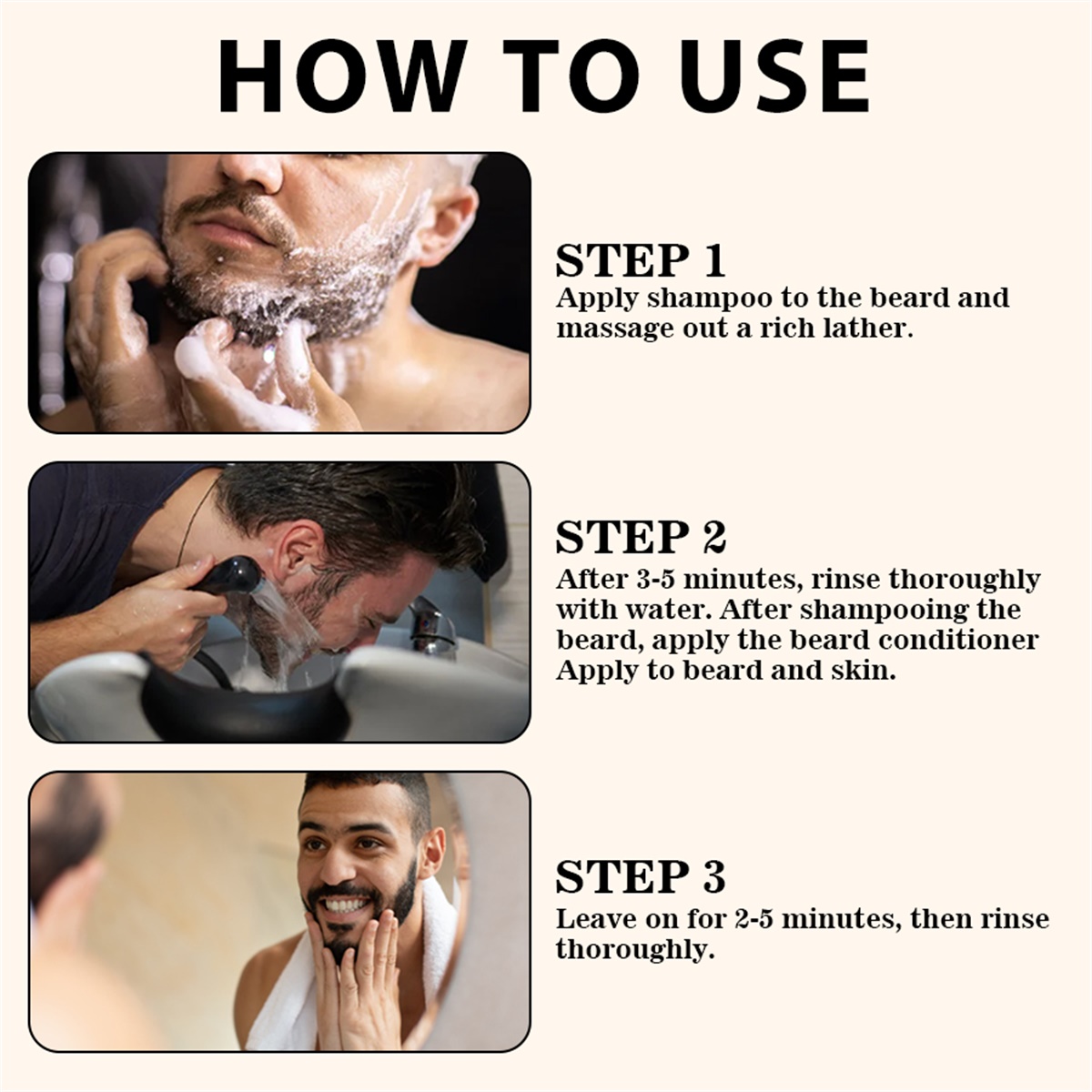 Beard Wash Moustache Balm and  - Hair Care For Men ulasan dan harga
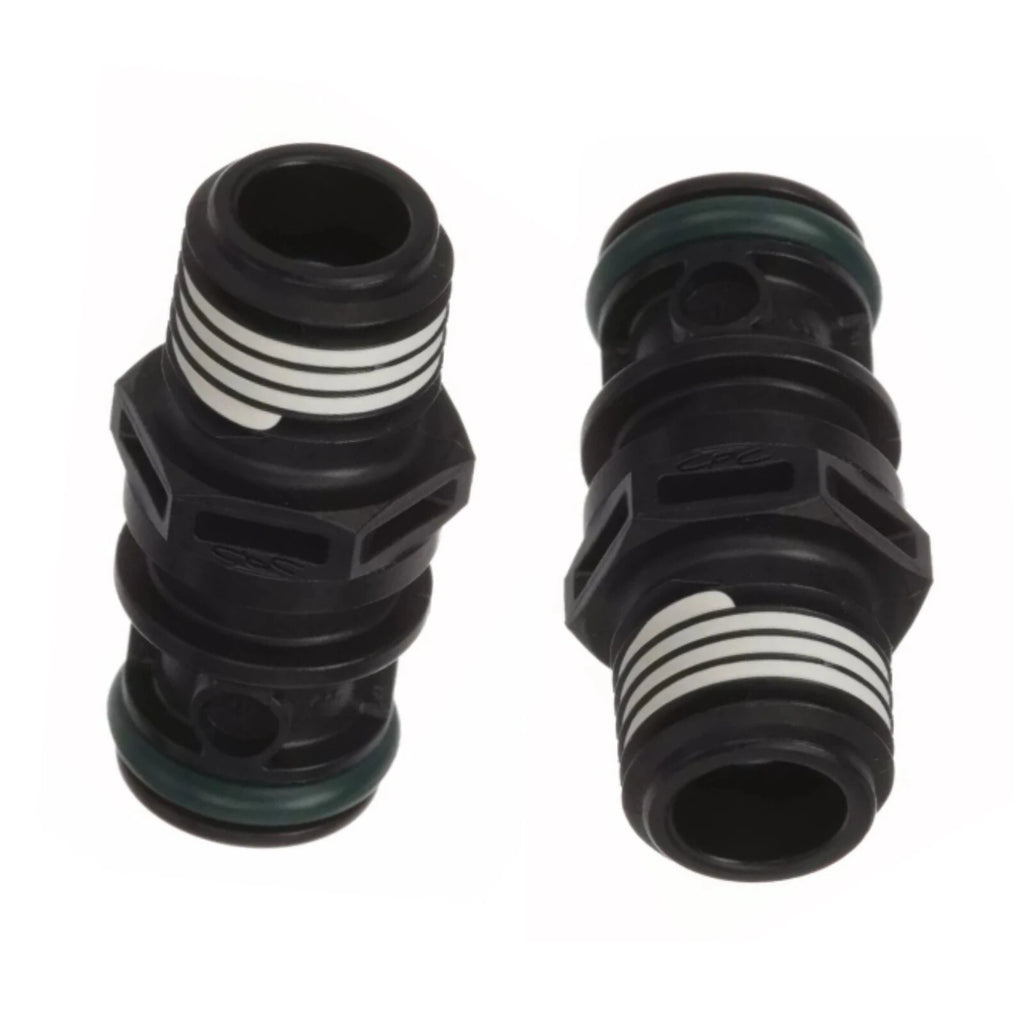 Universal Sprayless Connector for Attwood 8838TM6, Male Hose 5/16" to 3/8"
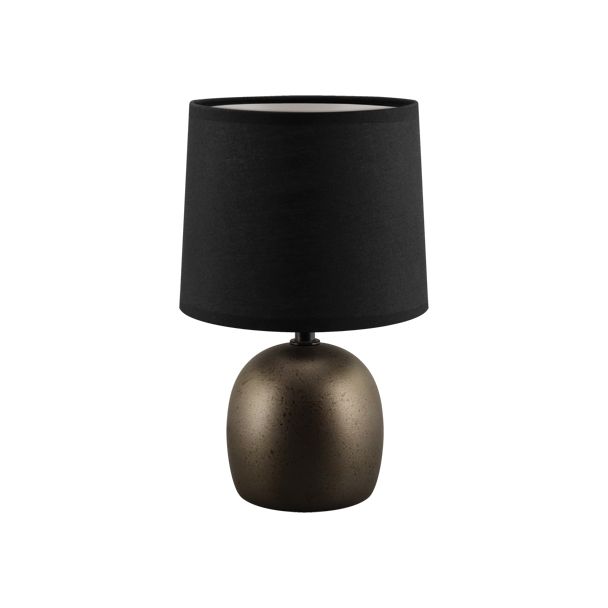 IDEUS 4056 LAMPA ATENA E14 C BLACK LAMPKA STOŁOWA STRÜHM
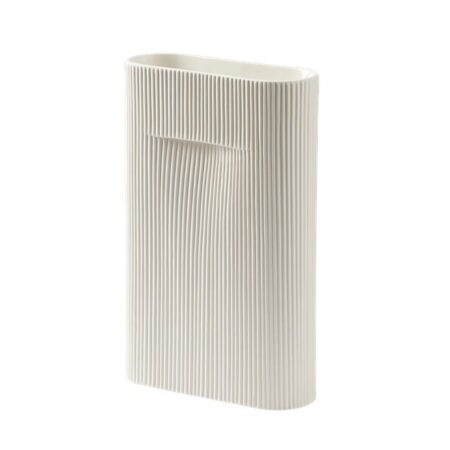 Muuto Ridge vase 35 cm Offwhite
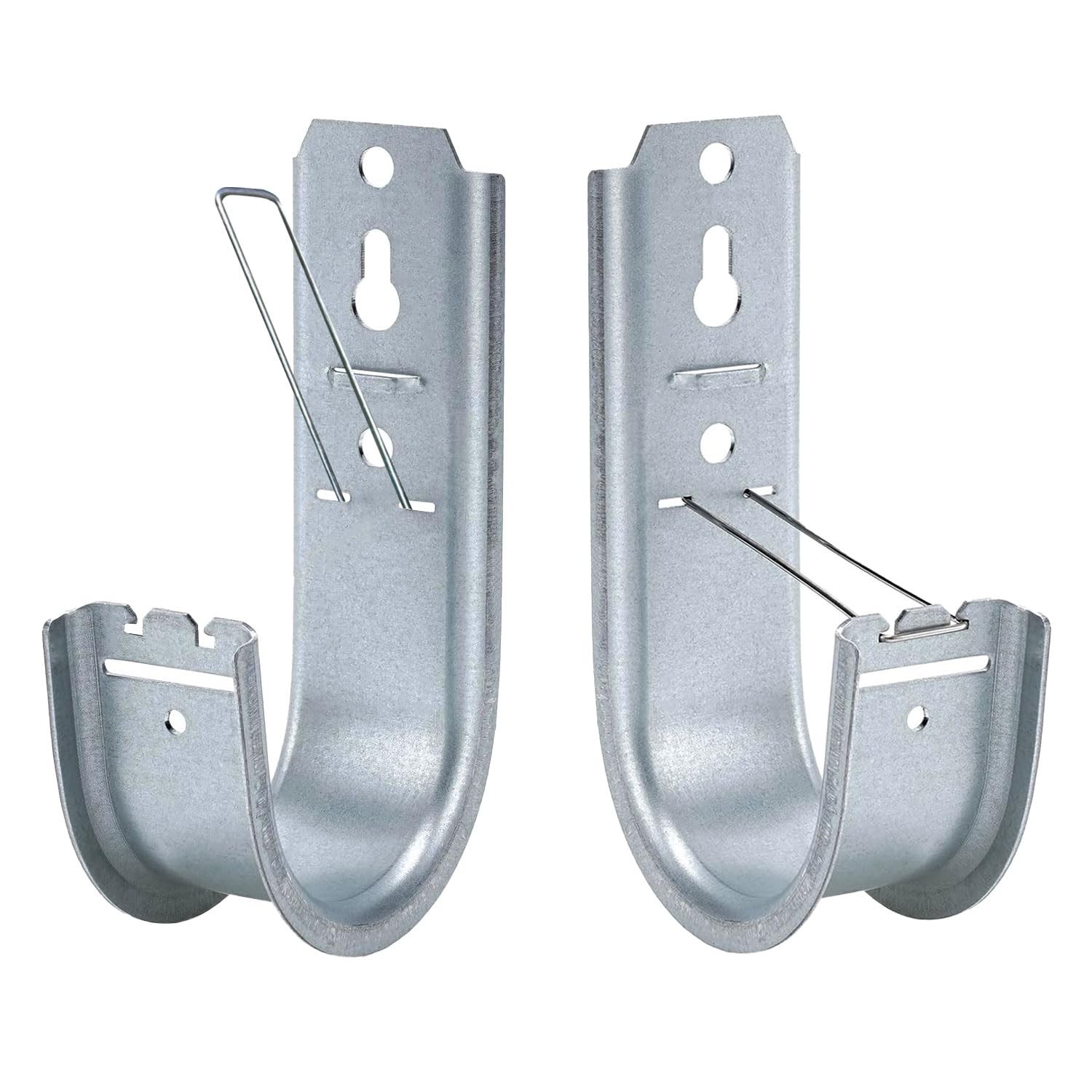 KUAGINZUHE 50 Pack 2-Inch Galvanized Steel Cable Support J-Hooks | With Retai...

> WORK ITEM
Beginning at the line with "Muuto Ridge vase 35 cm Offwhite", reproduce word for word each line through the last line of the records. Include both ends but no pictures.

> EXERCISE SOLUTION
 Muuto Ridge vase 35 cm Offwhite
 KUAGINZUHE 50 Pack 2-Inch Galvanized Steel Cable Support J-Hooks | With Retai...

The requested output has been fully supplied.